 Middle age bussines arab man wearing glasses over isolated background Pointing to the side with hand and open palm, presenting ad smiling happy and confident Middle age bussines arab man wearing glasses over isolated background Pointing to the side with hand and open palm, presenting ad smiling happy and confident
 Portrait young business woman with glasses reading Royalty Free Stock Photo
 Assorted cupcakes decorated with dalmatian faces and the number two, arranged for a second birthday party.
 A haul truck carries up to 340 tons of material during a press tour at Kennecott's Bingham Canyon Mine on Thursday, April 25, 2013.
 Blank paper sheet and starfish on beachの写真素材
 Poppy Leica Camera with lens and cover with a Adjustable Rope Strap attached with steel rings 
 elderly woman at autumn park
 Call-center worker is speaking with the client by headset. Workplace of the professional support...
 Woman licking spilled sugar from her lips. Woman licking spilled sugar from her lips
· · · ·
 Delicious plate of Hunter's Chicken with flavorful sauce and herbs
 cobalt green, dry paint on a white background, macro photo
· · · ·
Once the line with "Blank paper sheet and starfish on beachの写真素材" is found in the records above, print exactly that line and every line after it through the line with "Woman licking spilled sugar from her lips.".

 Blank paper sheet and starfish on beachの写真素材
 Poppy Leica Camera with lens and cover with a Adjustable Rope Strap attached with steel rings 
 elderly woman at autumn park
 Call-center worker is speaking with the client by headset. Workplace of the professional support...
 Woman licking spilled sugar from her lips. Woman licking spilled sugar from her lips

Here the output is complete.